Set down all of the data exactly. Pictures stay out of the copy.

============

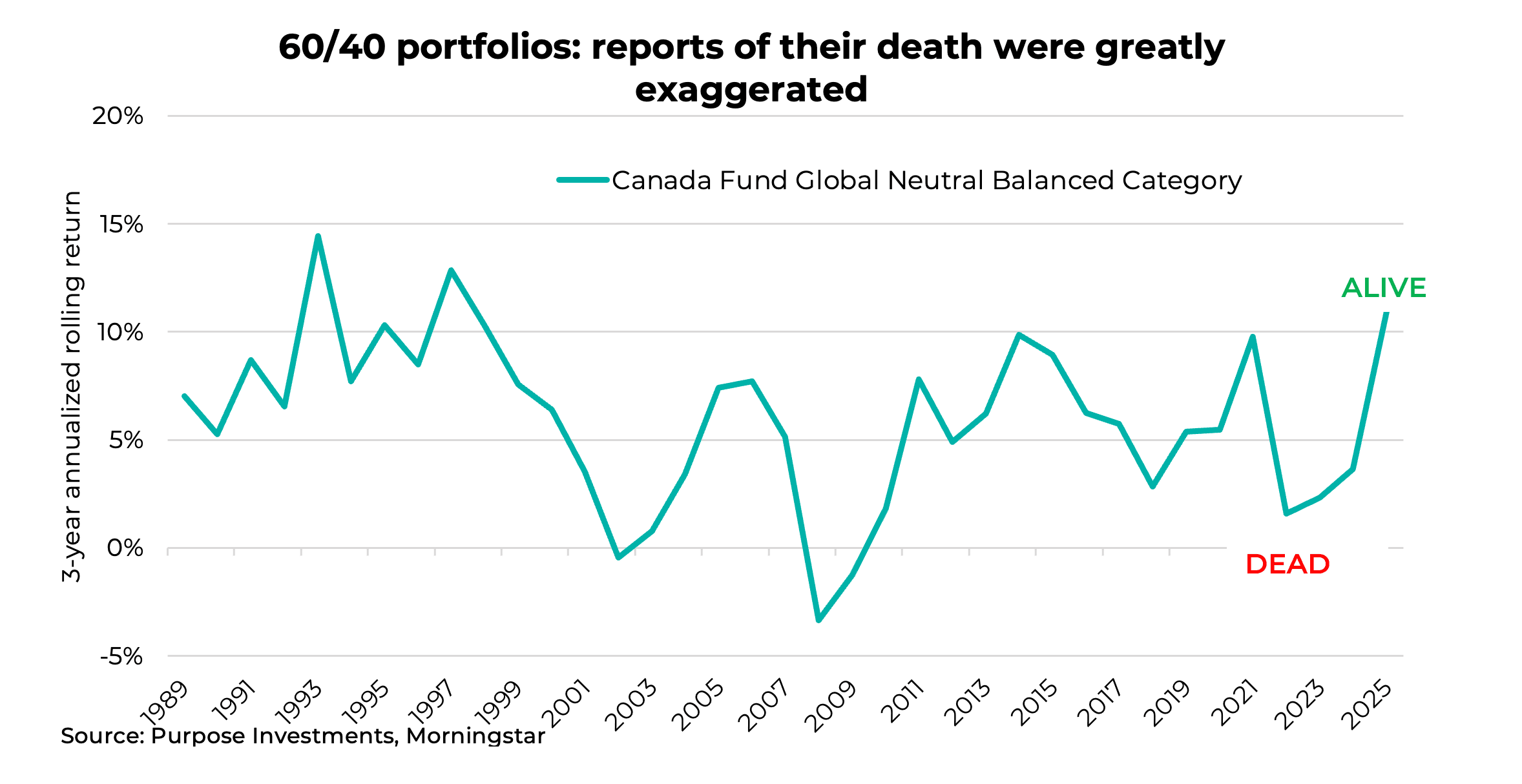 60/40 portfolios: reports of their death were greatly exaggerated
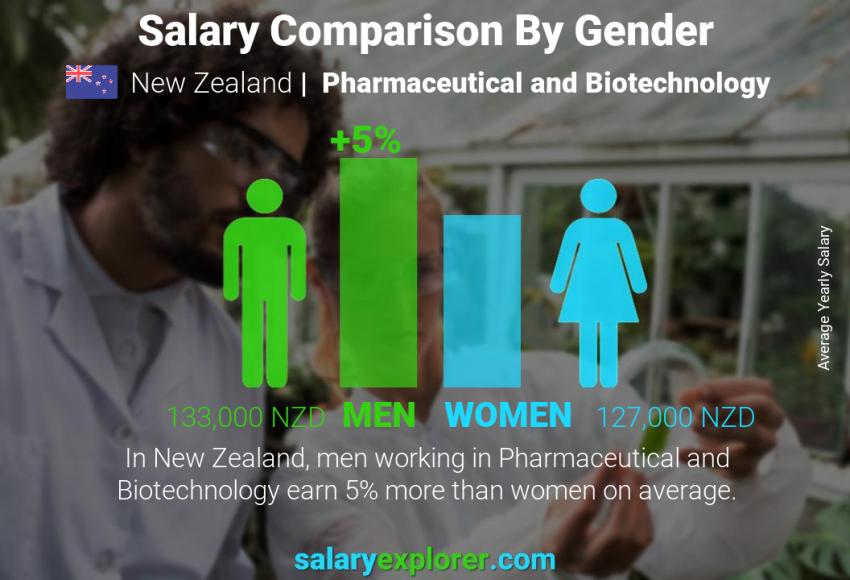 Salary comparison by gender New Zealand Pharmaceutical and Biotechnology yearly
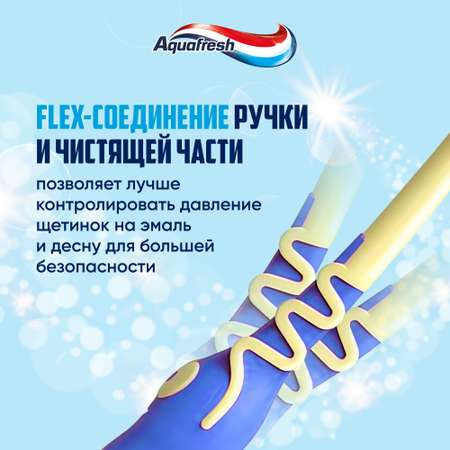 Зубная щетка классическая Aquafresh от 0 лет в ассортименте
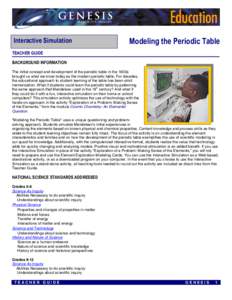 Interactive Simulation  Modeling the Periodic Table TEACHER GUIDE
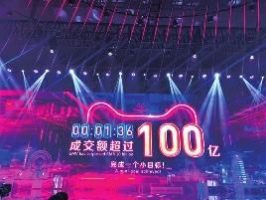 1分36秒破100億！雙十一再刷新紀(jì)錄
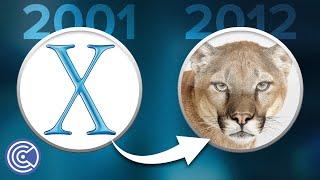 A Brief History of Mac OS X Which is Best? - Krazy Kens Tech Talk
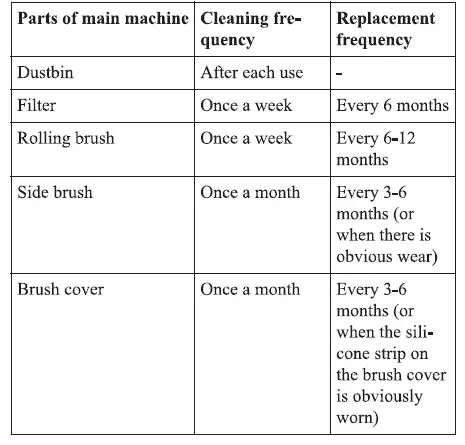 greenworks-GRV-1010 Smart Self-Charging Robotic Vacuum Cleaner-fig-38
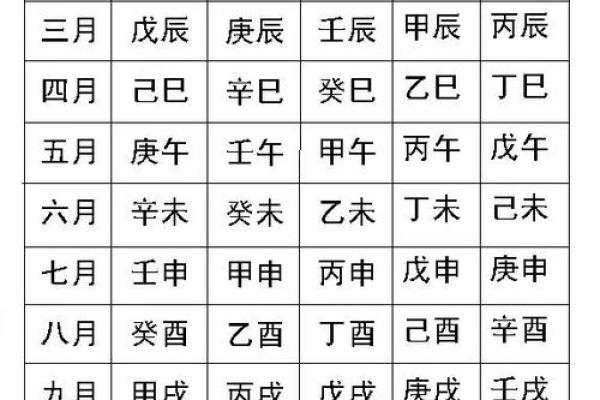 如何利用生辰八字挑选最适合的名字
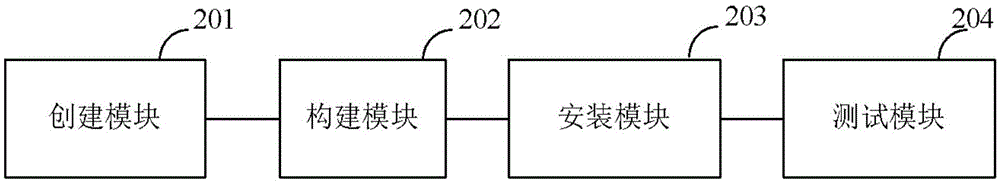 Development integration test method and system on the basis of cloud computing environment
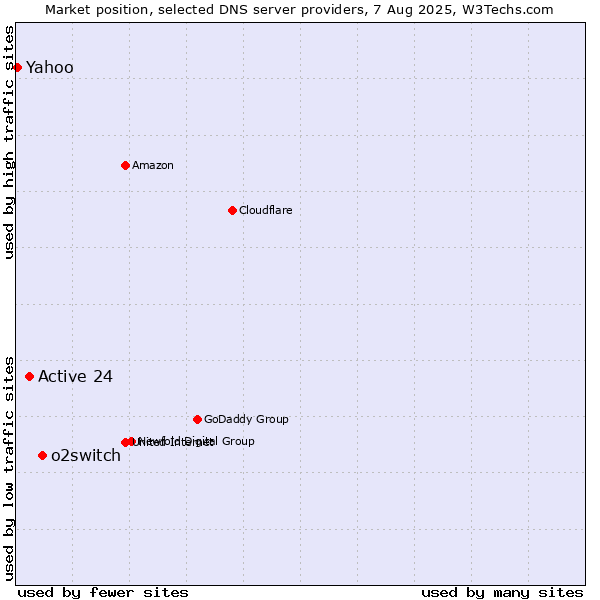 Market position of o2switch vs. Active 24 vs. Yahoo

============

→ TASK OUTPUT:
 60/40 portfolios: reports of their death were greatly exaggerated
 Salary comparison by gender New Zealand Pharmaceutical and Biotechnology yearly
 Зубная щетка классическая Aquafresh от 0 лет в ассортименте
 Interactive Simulation  Modeling the Periodic Table TEACHER GUIDE
 1分36秒破100億！雙十一再刷新紀(jì)錄
 A Brief History of Mac OS X Which is Best? - Krazy Kens Tech Talk
 greenworks-GRV-1010 Smart Self-Charging Robotic Vacuum Cleaner-fig-38
 如何利用生辰八字挑选最适合的名字
 Development integration test method and system on the basis of cloud computing environment
 Market position of o2switch vs. Active 24 vs. Yahoo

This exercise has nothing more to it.